■ **Brief descriptive captions**
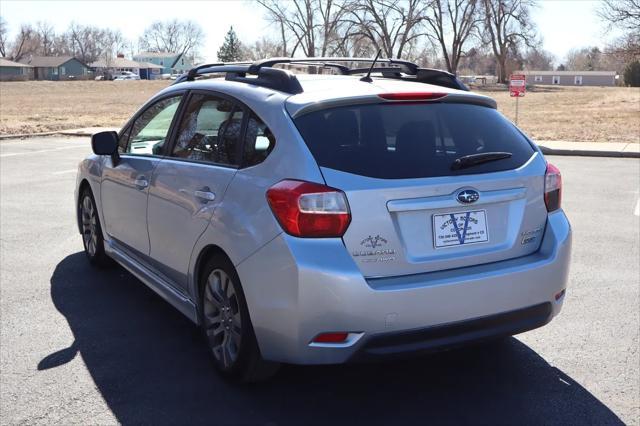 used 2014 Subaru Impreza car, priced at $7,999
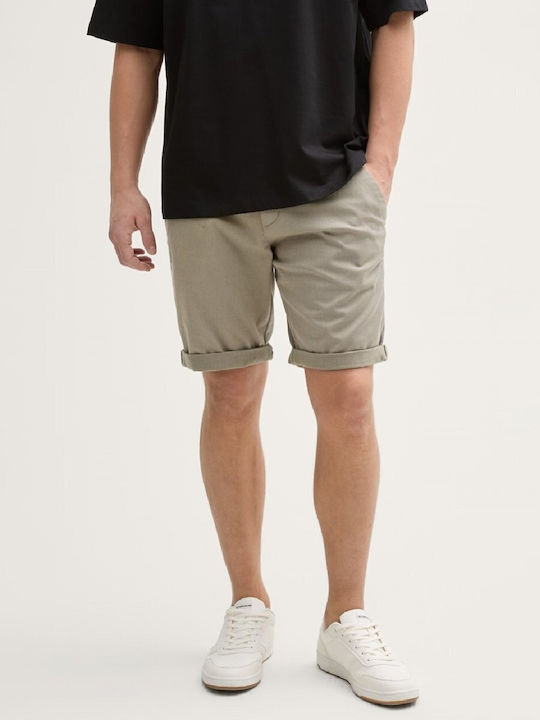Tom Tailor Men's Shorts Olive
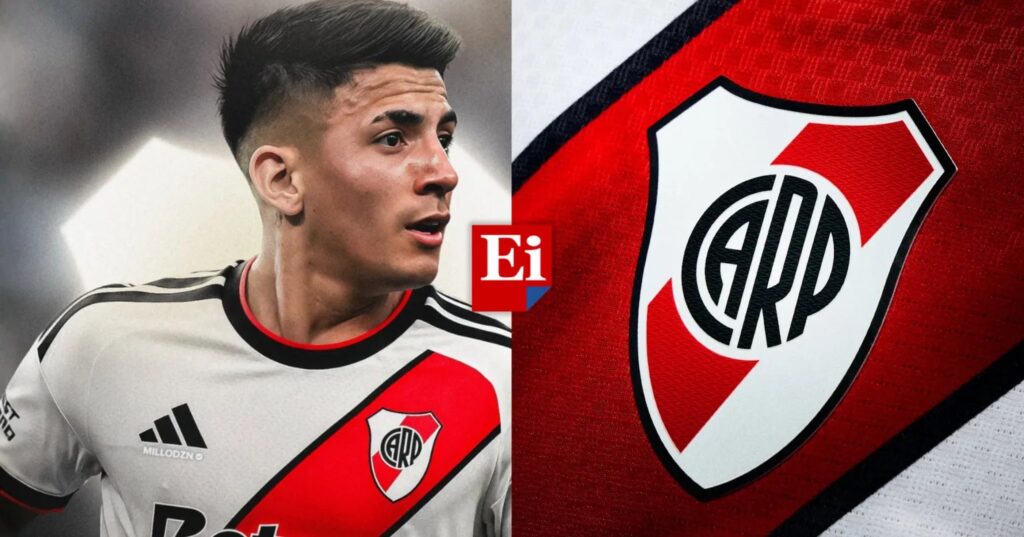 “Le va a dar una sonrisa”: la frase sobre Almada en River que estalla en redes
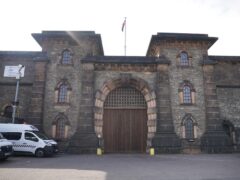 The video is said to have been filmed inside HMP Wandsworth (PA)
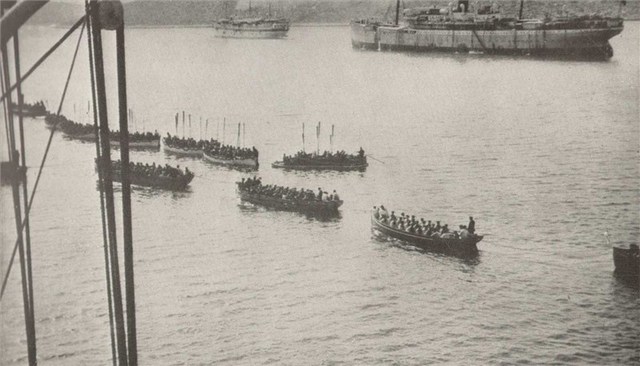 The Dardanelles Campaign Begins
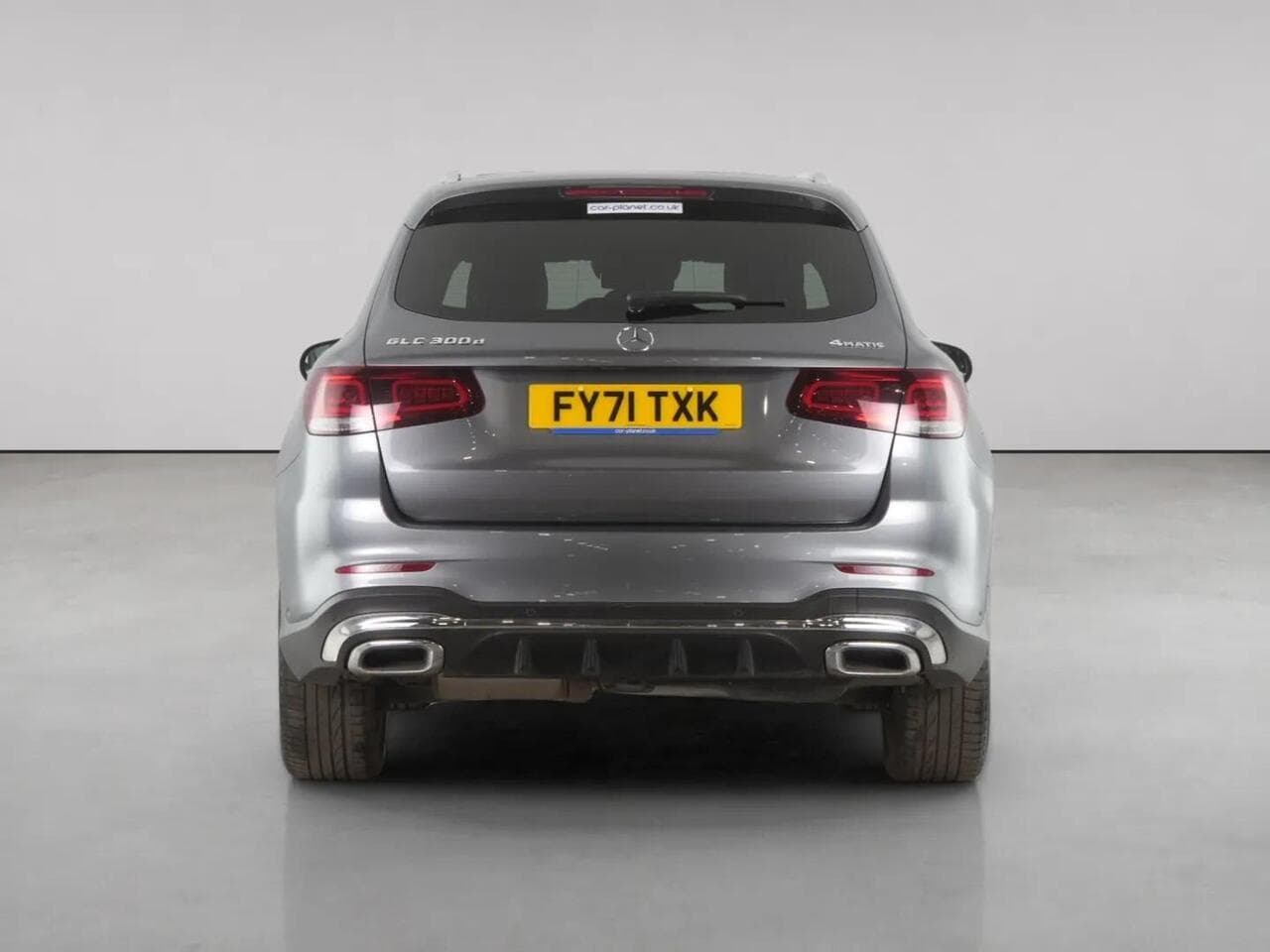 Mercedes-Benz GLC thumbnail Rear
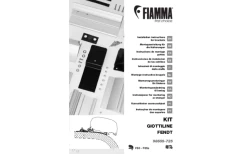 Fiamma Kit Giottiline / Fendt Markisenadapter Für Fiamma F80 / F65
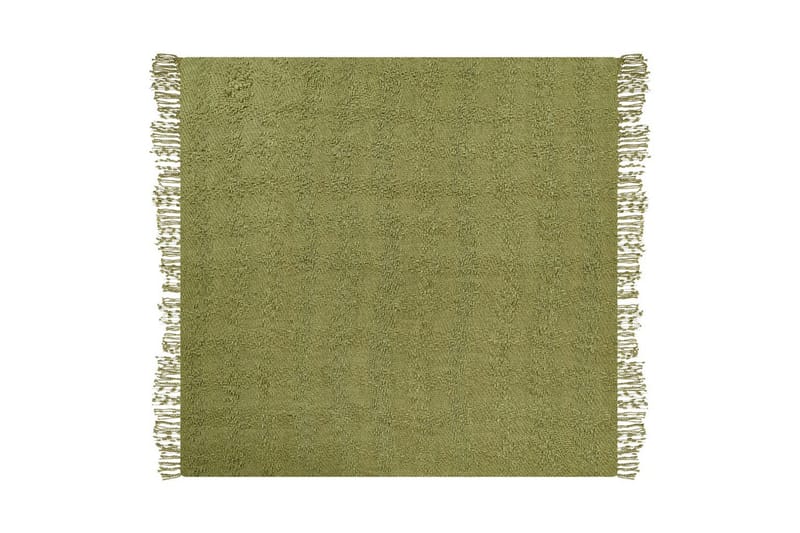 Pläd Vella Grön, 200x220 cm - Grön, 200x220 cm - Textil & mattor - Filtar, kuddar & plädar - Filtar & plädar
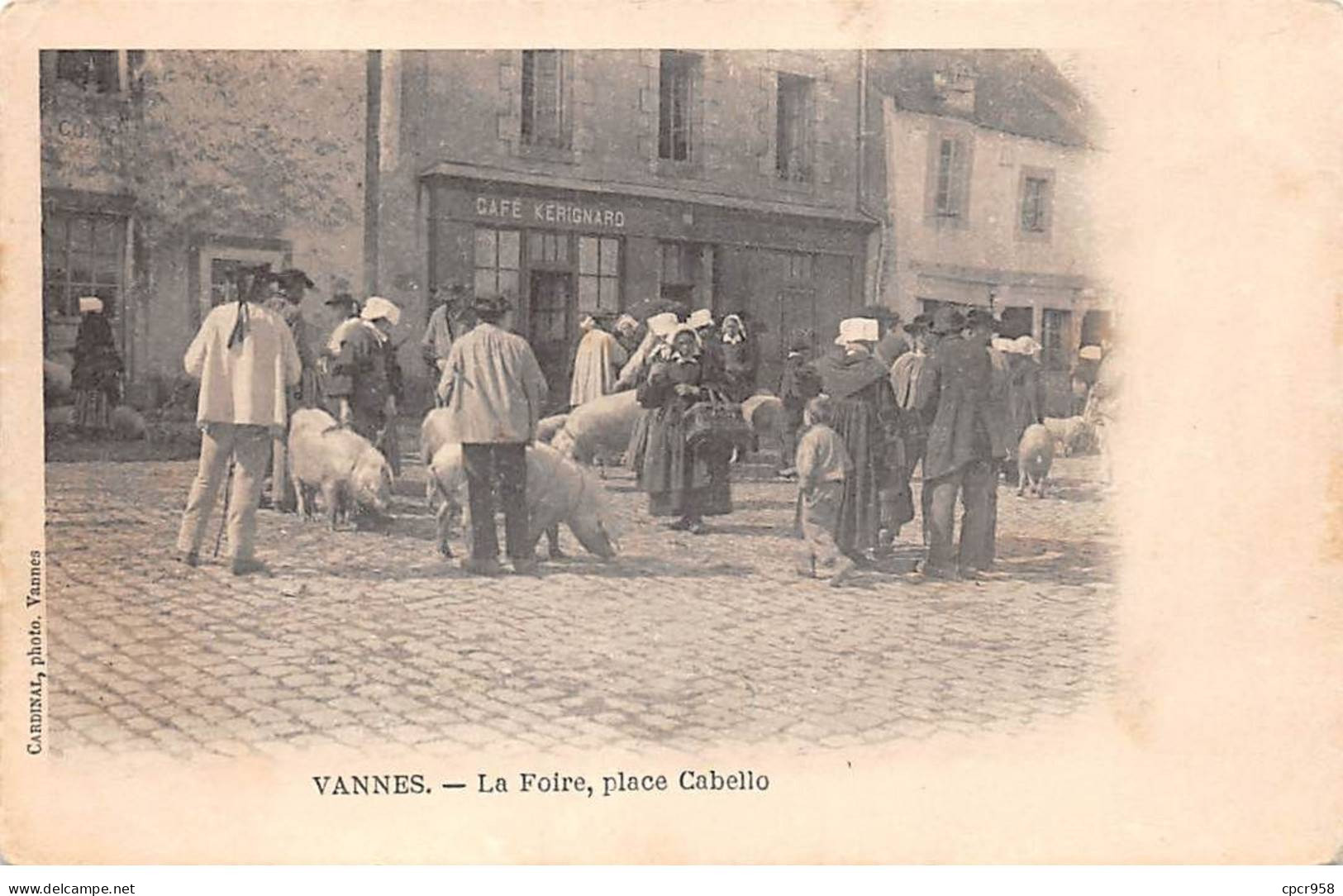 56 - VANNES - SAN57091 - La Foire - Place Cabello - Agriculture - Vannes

■ **Brief**
Could you repeat, exactly, only the lines above starting at the one that has "Tom Tailor Men's Shorts Olive" and stopping after the one that has "Mercedes-Benz GLC thumbnail Rear", without the pictures?

■ **Exercise solution**
Tom Tailor Men's Shorts Olive
 “Le va a dar una sonrisa”: la frase sobre Almada en River que estalla en redes
 The video is said to have been filmed inside HMP Wandsworth (PA)
 The Dardanelles Campaign Begins
 Mercedes-Benz GLC thumbnail Rear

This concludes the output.